Anders einkaufen in unserer Gemeinde
Ein Aufruf zum Nachdenken und Handeln
Dass das alles uns betrifft, dass wir dringend etwas ändern müssen, ist offensichtlich. Dass die Dringlichkeit des Themas endlich in der breiten Öffentlichkeit angekommen ist, ist gut. Viele reden darüber, (fast) keine politische Partei kann es sich mehr leisten, den
Klima- und Umweltschutz nicht als prominentes Thema auf ihrer Agenda zu haben. Es ist allerhöchste Zeit, aus unserer Komfortzone auszubrechen und zu handeln: politisch, gesellschaftlich, privat!
Was heißt das für uns in Sülz-Klettenberg, in unserer Pfarrgemeinde?
– Stichproben –
Für die ca. 25.000 Menschen, die im Einzugsgebiet unserer Gemeinde Sülz-Klettenberg leben, gibt es rund ums Jahr eine Vielzahl von Veranstaltungen, für die immer wieder Lebensmittel, Büromaterial und andere Gebrauchsgegenstände angeschafft werden müssen. Diese Einkäufe werden von vielen organisiert. Durch die dezentrale Organisation sind es viele Räder, die ineinander greifen – oder vielmehr nebeneinander herlaufen.
Es sind meistens Ehrenamtliche, die Einkäufe koordinieren. In ihrer Freizeit fahren sie zum Supermarkt oder zur Metro und kaufen nicht selten für sechzig, siebzig, manchmal für hunderte von Menschen ein. Der Einkaufszettel (egal ob auf Papier oder digital im Handy) ist in jedem Fall lang und hat oft im Vorfeld einiges an Überlegungen, Kalkulationen, Absprachen und Kopfzerbrechen gekostet. Aber spielen Kriterien wie Bio- oder Umweltsiegel, Fair Trade, Vermeidung von Verpackung, Herkunft der Produkte eine Rolle? Gibt es bereits ein Bewusstsein für nachhaltiges Einkaufen?
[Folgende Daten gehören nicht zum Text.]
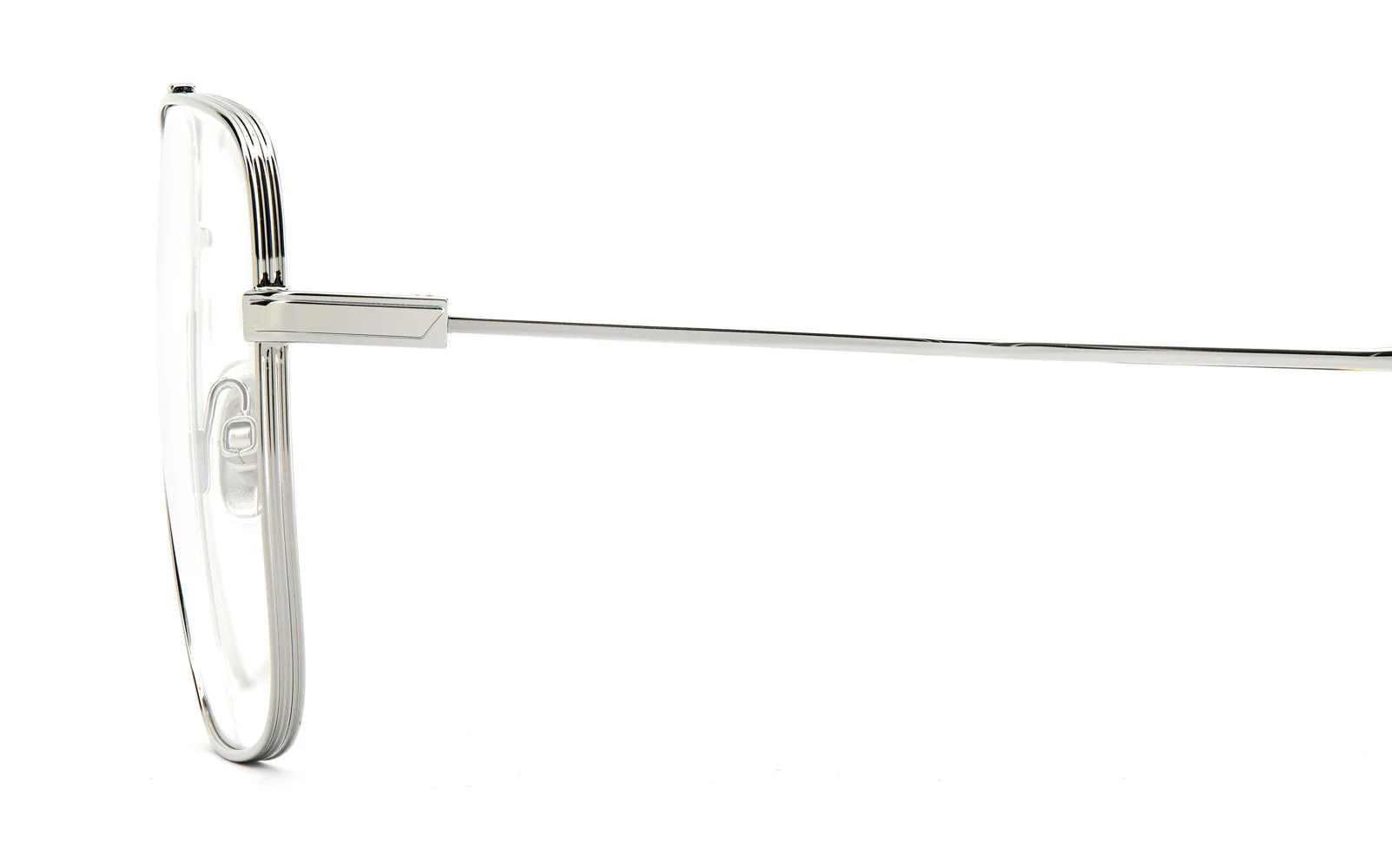Victoria Beckham VB1007 - Image 11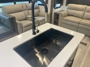 sink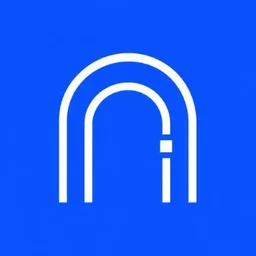 Agentik logo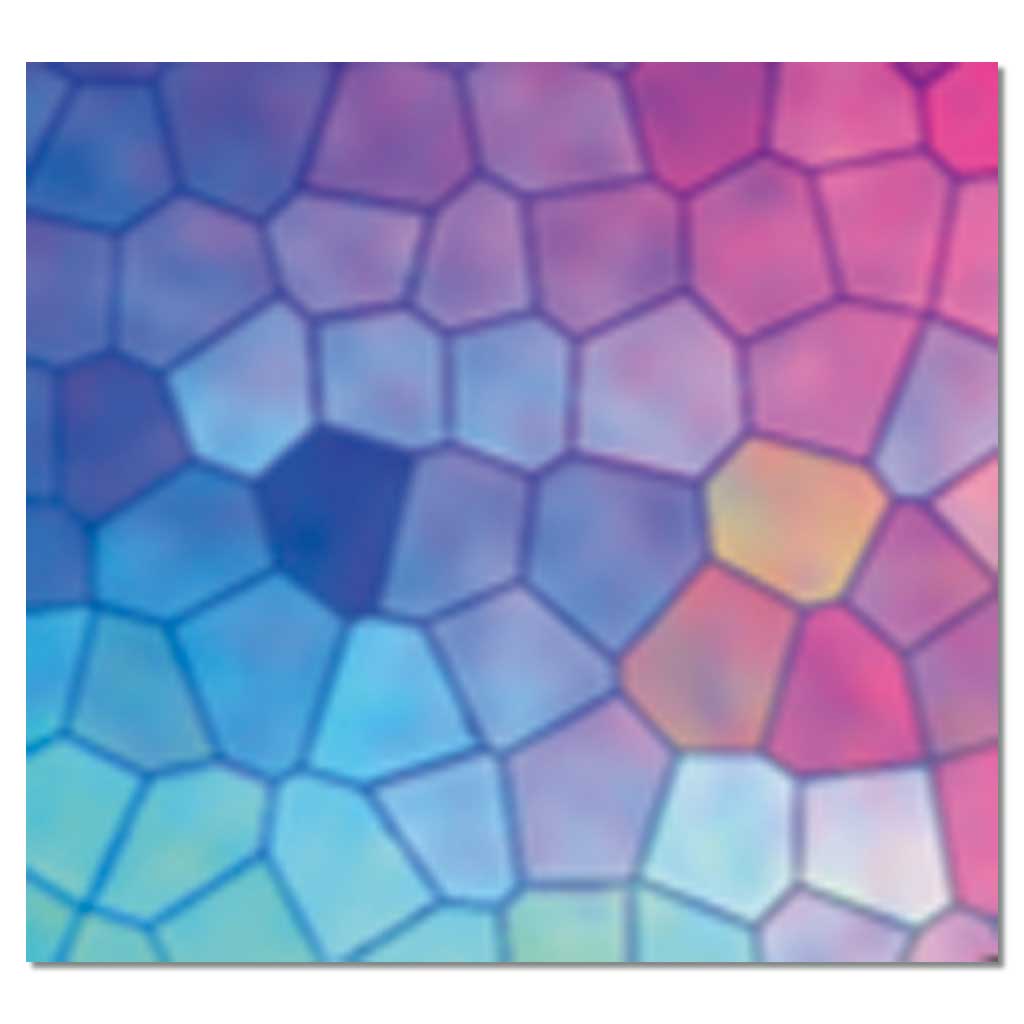 Transparentpapier 115 g/m²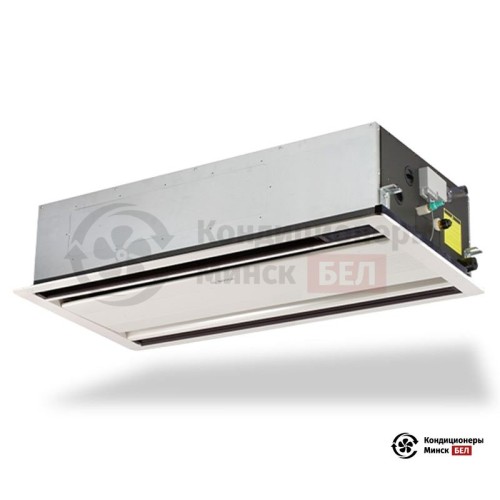  Внутренний блок VRF-системы Bosch AF-2C 71-1 P/AF-P 2C в Минске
Mit einem Fragebogen und in persönlichen Telefonaten haben wir einige der „Einkäufer“ in St. Nikolaus, KarlBorromäus und St. Bruno zu ihrem Einkaufsverhalten befragt. Wir wollten Klarheit bekommen, um den Blick nach vorne zu richten: Worauf können wir beim Einkauf achten? Was können wir verändern? Wie können wir unseren Teil als Pfarrgemeinde dazu beitragen, damit wir bewusster und weniger umweltschädlich einkaufen und konsumieren?
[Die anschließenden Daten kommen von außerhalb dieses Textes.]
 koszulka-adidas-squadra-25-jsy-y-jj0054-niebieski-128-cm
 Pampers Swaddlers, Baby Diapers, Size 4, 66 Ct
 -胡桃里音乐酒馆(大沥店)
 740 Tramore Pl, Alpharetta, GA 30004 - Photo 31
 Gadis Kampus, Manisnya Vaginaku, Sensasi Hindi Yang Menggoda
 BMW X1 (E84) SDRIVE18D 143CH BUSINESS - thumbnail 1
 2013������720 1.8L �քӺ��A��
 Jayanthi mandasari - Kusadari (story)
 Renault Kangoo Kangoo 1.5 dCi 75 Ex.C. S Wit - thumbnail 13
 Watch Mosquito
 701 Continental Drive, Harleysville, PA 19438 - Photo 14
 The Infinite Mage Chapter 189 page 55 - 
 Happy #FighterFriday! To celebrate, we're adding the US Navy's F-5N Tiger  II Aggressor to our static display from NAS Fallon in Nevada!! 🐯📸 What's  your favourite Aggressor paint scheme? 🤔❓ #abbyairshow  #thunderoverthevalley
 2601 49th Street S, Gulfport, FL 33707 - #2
Heraus kommt ein buntes Bild
Der Preis spielt bei allen Befragten eine Rolle, was logisch ist. Für die Jugend in St. Bruno, die für das Pfarrfest einkauft, ist der Preis sogar das ausschlaggebende Kriterium, weil der Erlös in die Jugendarbeit fließt. Über Großbestellungen versuchen die beiden Pfarrbüros, Rabatte zu erhalten; in St. Bruno werden alle eineinhalb Jahre große Mengen Papier geordert. Das Beispiel zeigt, wie viele Aspekte hineinspielen: Durch die große Bestellung sinkt der Preis, der Lieferwagen muss in einem längeren Zeitraum nur ein Mal vorbeikommen. Allerdings sind die angelieferten Paletten für den sicheren Transport in mehrere Lagen Plastikfolie eingeschweißt, wodurch viel Verpackungsmüll entsteht.
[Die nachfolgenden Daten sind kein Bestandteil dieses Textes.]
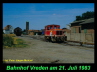 Vreden 25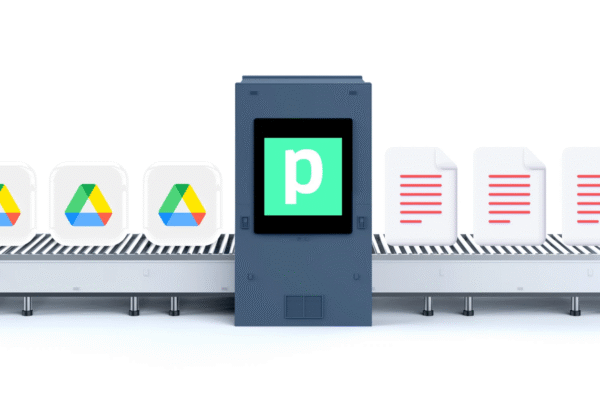 Workday to acquire Pipedream to extend AI agent integrations across enterprise apps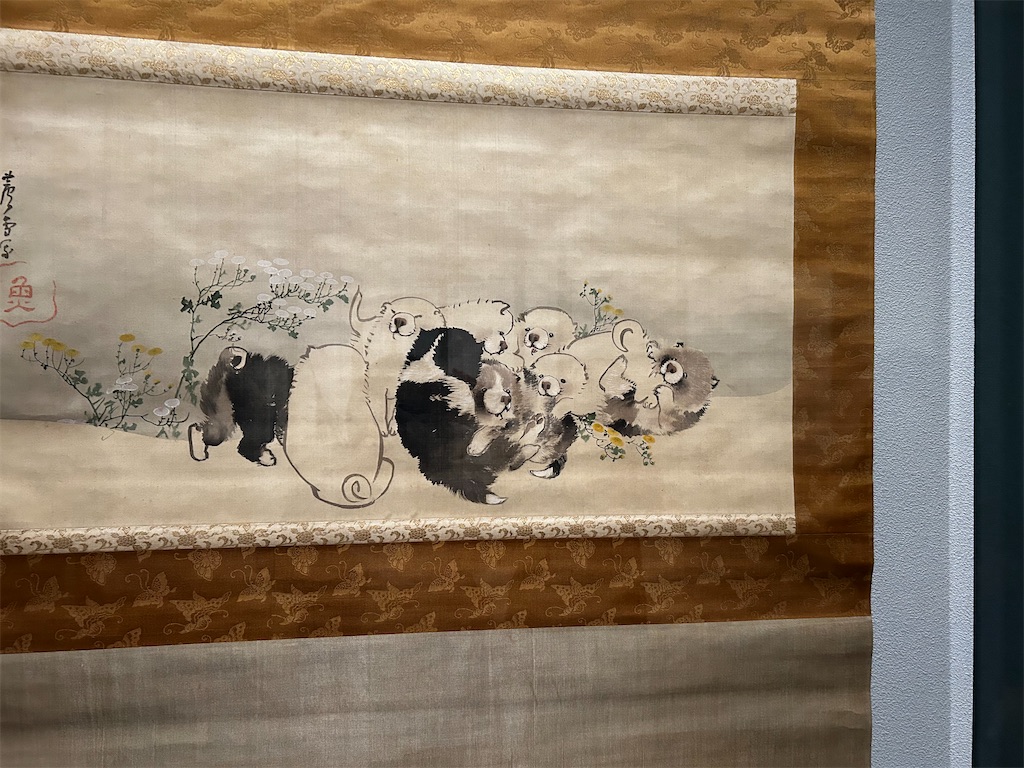 f:id:museumpiece:20240627232053j:image f:id:museumpiece:20240627232053j:image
Umweltfreundlich = teurer?
Der Pfarrbrief, der zwei Mal jährlich erscheint, wird mit der Ausgabe im Herbst/Winter 2019 erstmals auf umweltfreundlichem Offsetdruckpapier gedruckt. Recyceltes Papier zu verwenden ist allerdings nicht nur teurer (beim Pfarrbrief entstehen Mehrkosten von rund 800 Euro pro Ausgabe bzw. 6 Ct.pro Heft), sondern oft leidet auch die Brillanz der Farben im Druck auf dem meist blasseren Papier: Wir sind gespannt auf das Ergebnis.
Dass „nachhaltig“ nicht immer gleichbedeutend mit „teurer“ sein muss, zeigt das Beispiel, das Pfarrsekretär Wilhelm Bertram anbringt: Neigt sich der Toner in den Druckern dem Ende zu, werden nicht die Originalkartuschen, sondern recycelte Toner bestellt; die Qualität sei gut und der Preisunterschied erheblich.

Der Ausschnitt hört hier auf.